From: Filipe Manana <fdmanana@suse.com>

Currently the log_transid field of a root is always modified while holding
the root's log_mutex locked. Most readers of a root's log_transid are also
holding the root's log_mutex locked, however there is one exception which
is btrfs_set_inode_last_trans() where we don't take the lock to avoid
blocking several operations if log syncing is happening in parallel.

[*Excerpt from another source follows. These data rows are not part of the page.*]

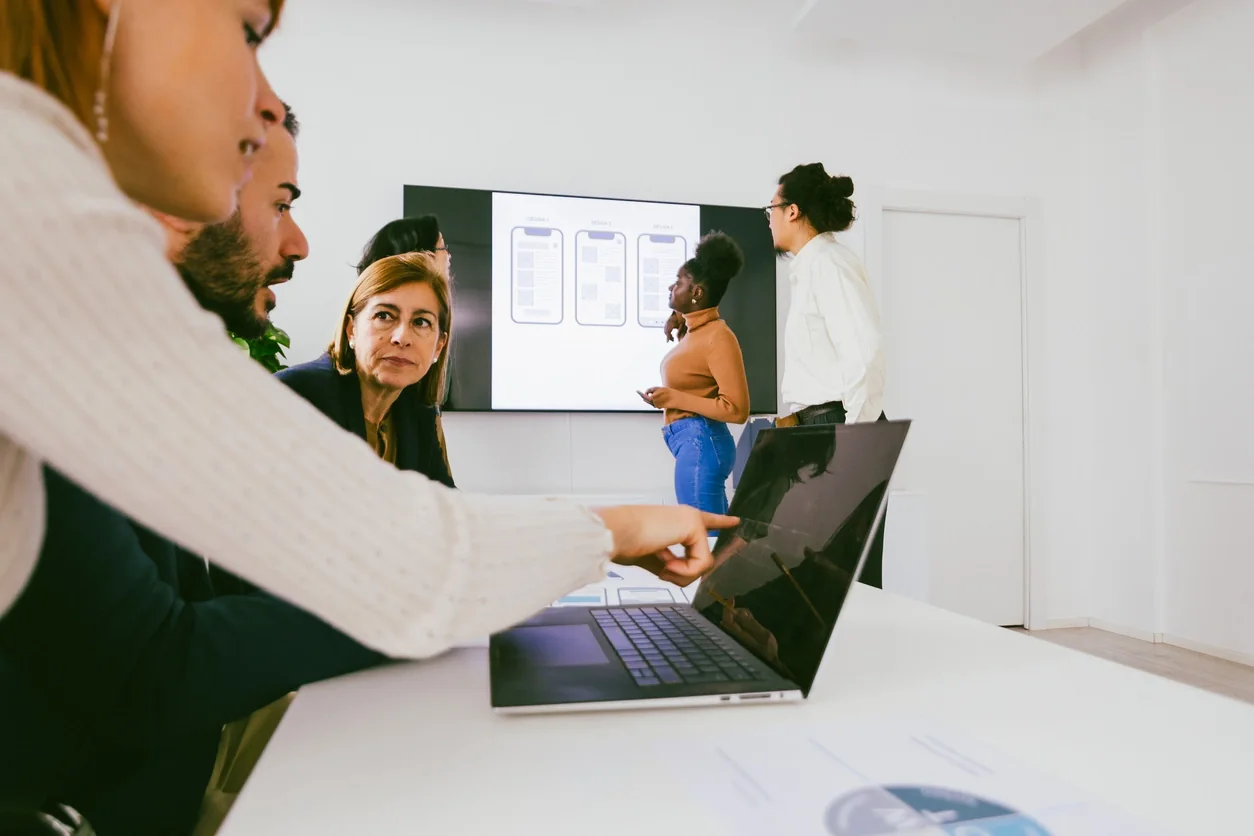 Conference venue with multiple breakout rooms using matching presentation screens, laptops, and AV support across sessions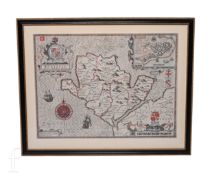 A late 17th Century John Speede hand coloured map of Anglesey within mount, framed 38cm x 51cm.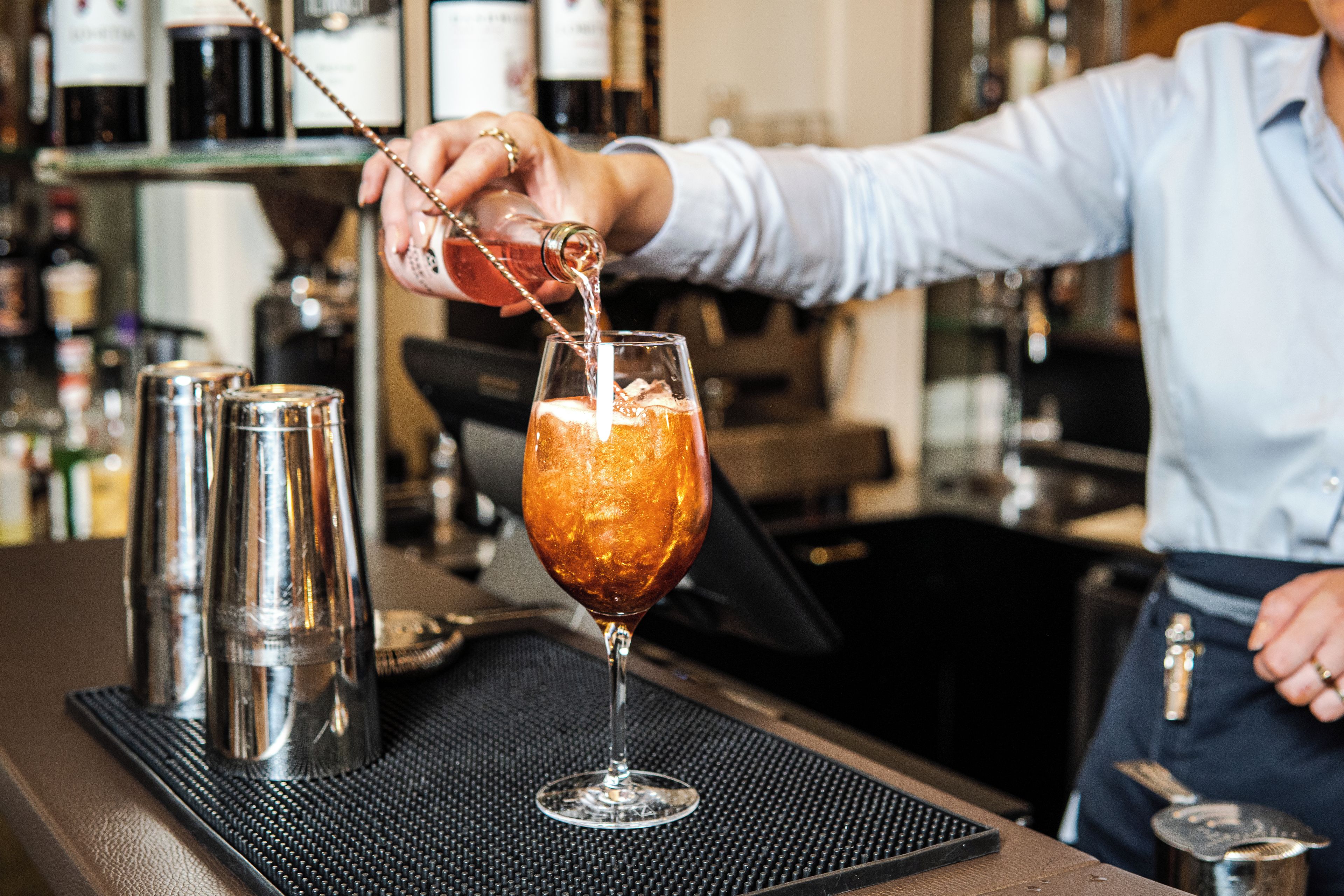 A bartender pouring a drink into a glass.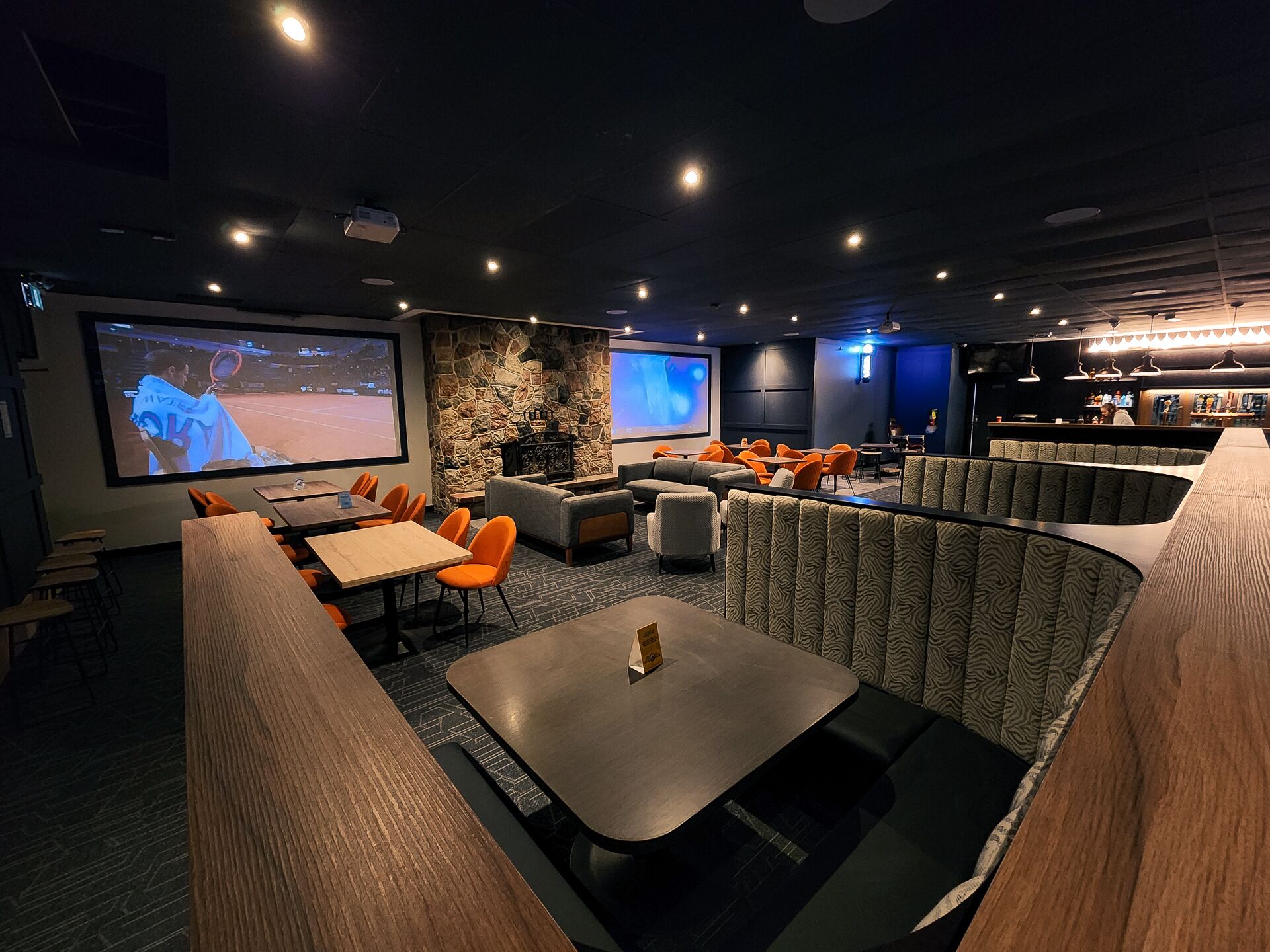 A cinema room with a large screen, seating, and a bar area.
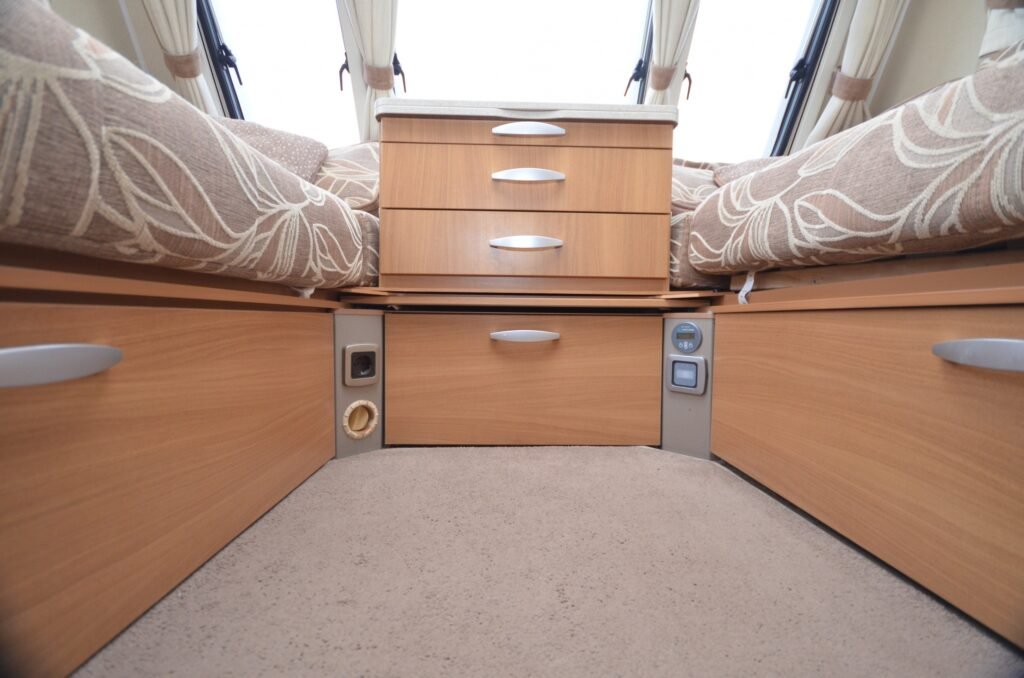 Obrázek interiéru karavanu s prostornými zásuvkami a pohodlnými sezeními. Ideální pro cestování a odpočinek.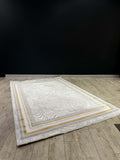 Classic Medallion Turkish Rug showcasing textured luxe in soft neutral tones with gold accents on a wooden floor.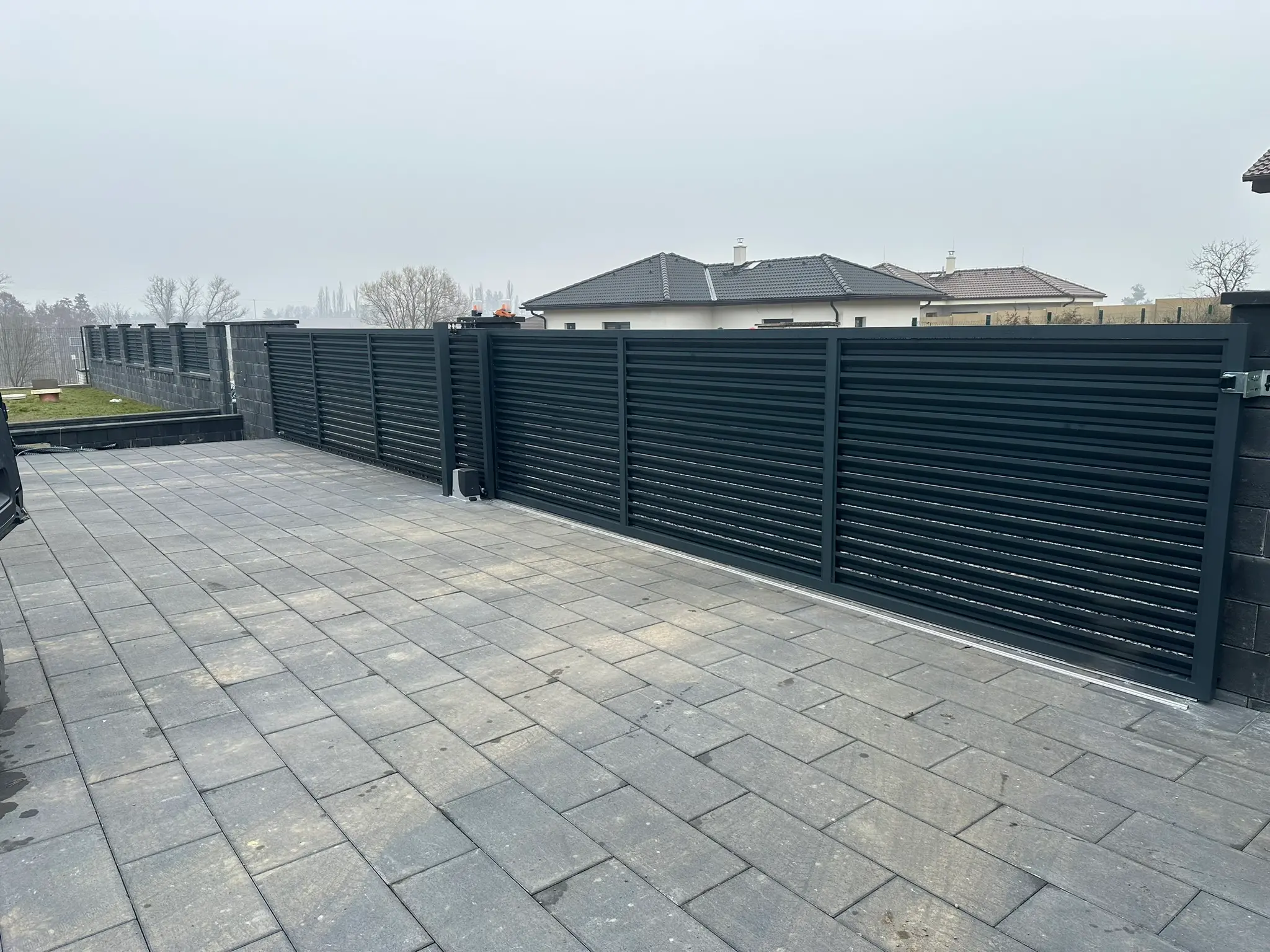 Cena za oplocení domu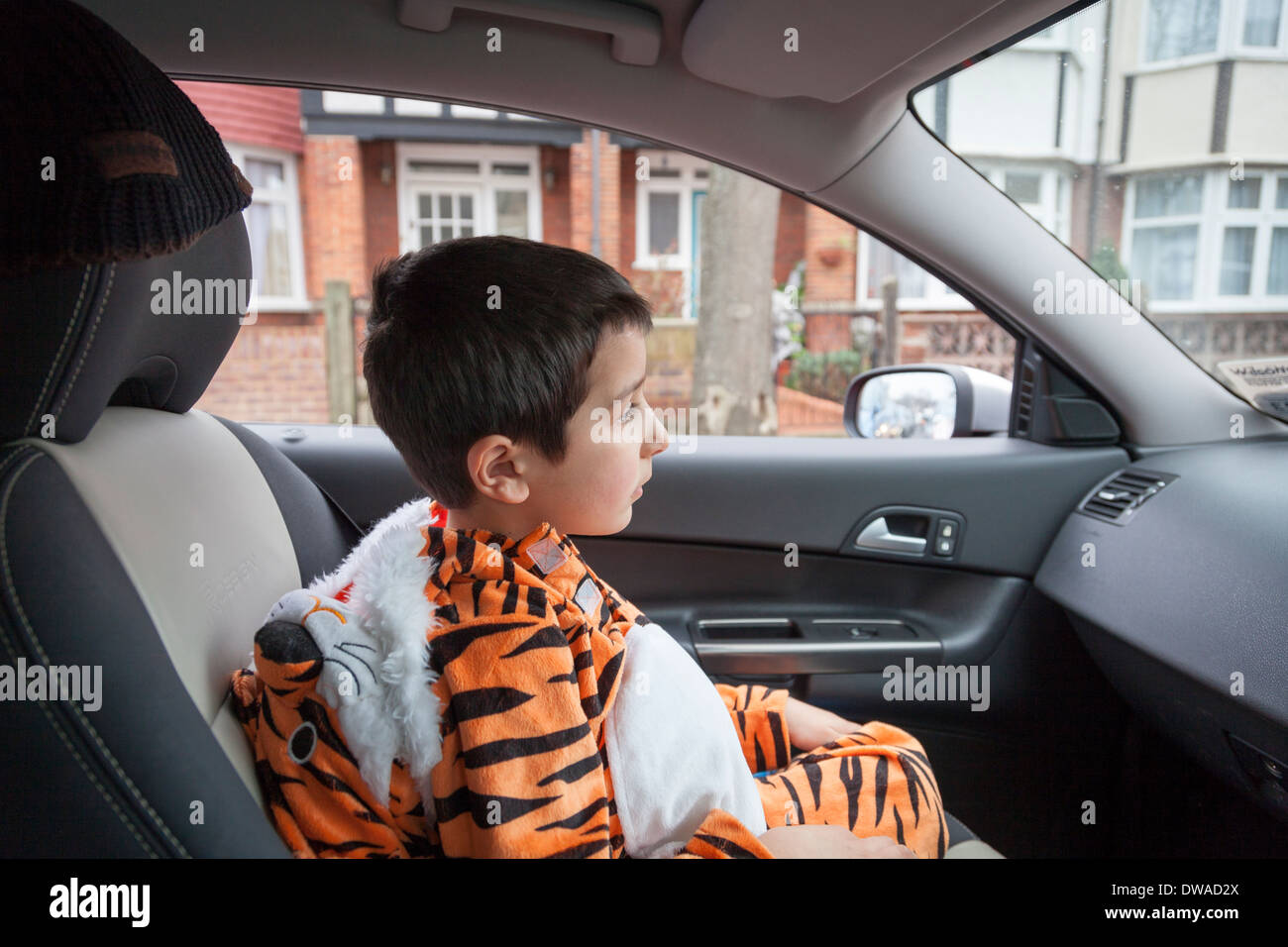 Child sitting in a car ,dressed in tiger costume Stock Photo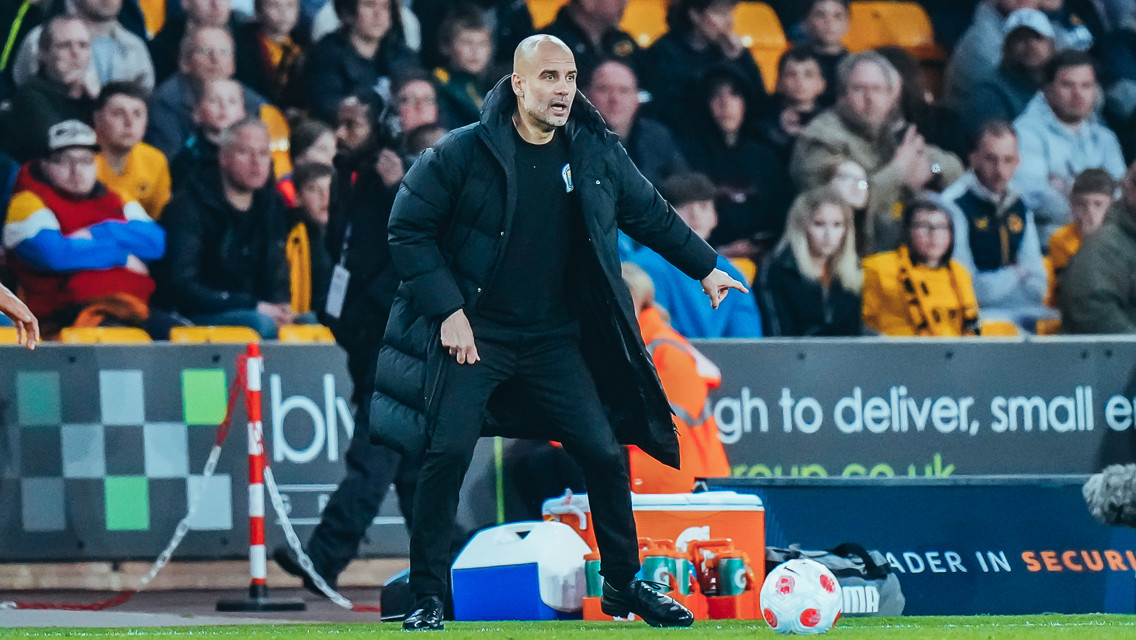THE BOSS: Guardiola watches on.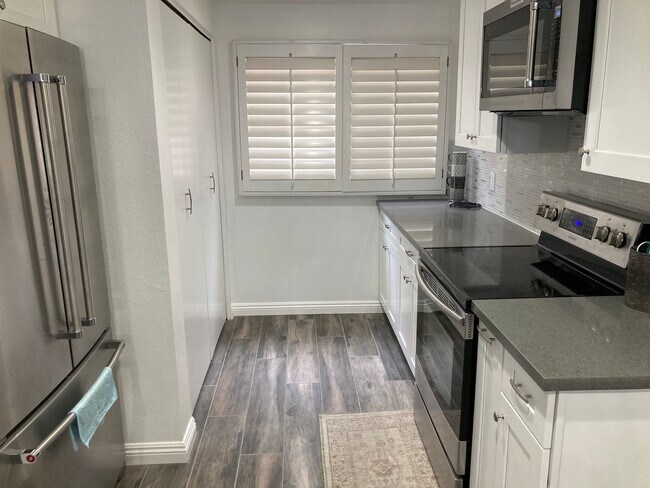 Building Photo - Beachside Furnished Retreat! Remodeled 2BD/2BA Condo Steps from the Sand!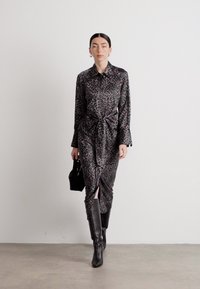 Abito leopardato in bianco e nero con cintura in vita, maniche lunghe e uno spacco frontale, abbinato a stivali neri al ginocchio e una piccola borsa nera.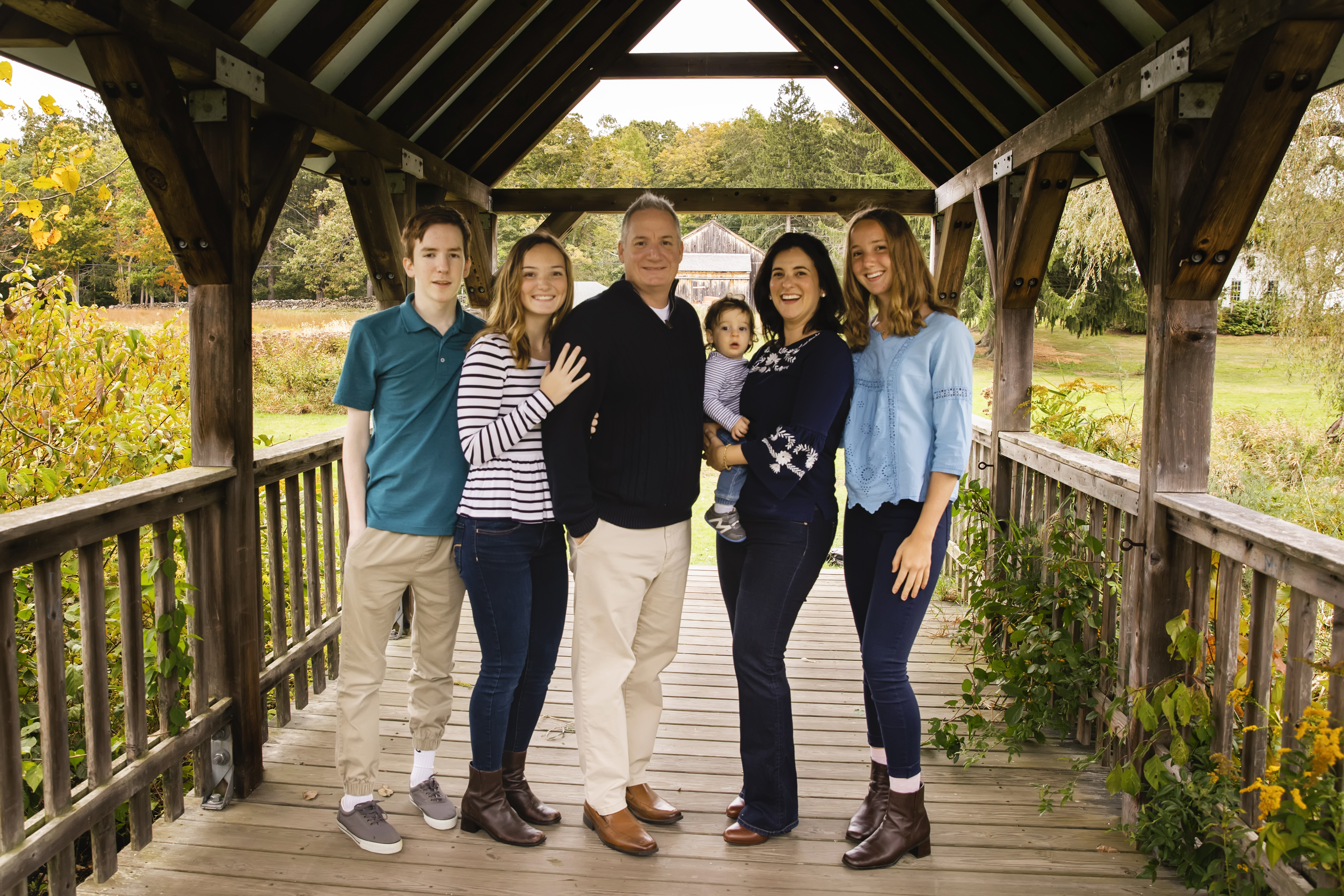 family of five posing on a bridge for a fall family photo session, Madison, CT photographer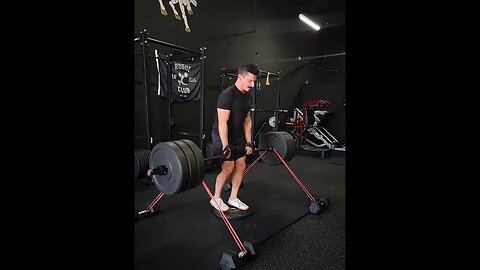 Banded Deficit B Stance Barbell Romanian Deadlifts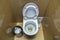 Interior of simple restroom toilet, view from above. White ceramic toilet lavatory ceramic seat on copy space background of light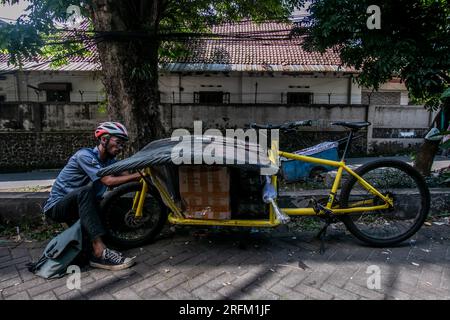 Bogor, Indonesia - 1 agosto 2023: Un corriere di biciclette trasporta un pacco di merci su una bicicletta cargo da consegnare all'indirizzo del cliente a Bogor Foto Stock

Any races here should be harmless, and in the worst case they may cause a
fsync to log an inode when it's not really needed, so nothing bad from a
functional perspective.

To avoid data race warnings from tools like KCSAN and other issues such
as load and store tearing (amongst others, see [1]), create helpers to
access the log_transid field of a root using READ_ONCE() and WRITE_ONCE(),
and use these helpers where needed.

[1] https://lwn.net/Articles/793253/

Signed-off-by: Filipe Manana <fdmanana@suse.com>
---
 fs/btrfs/ctree.h       | 18 ++++++++++++++++++
 fs/btrfs/disk-io.c     |  4 ++--
 fs/btrfs/transaction.h |  2 +-
 fs/btrfs/tree-log.c    |  2 +-
 4 files changed, 22 insertions(+), 4 deletions(-)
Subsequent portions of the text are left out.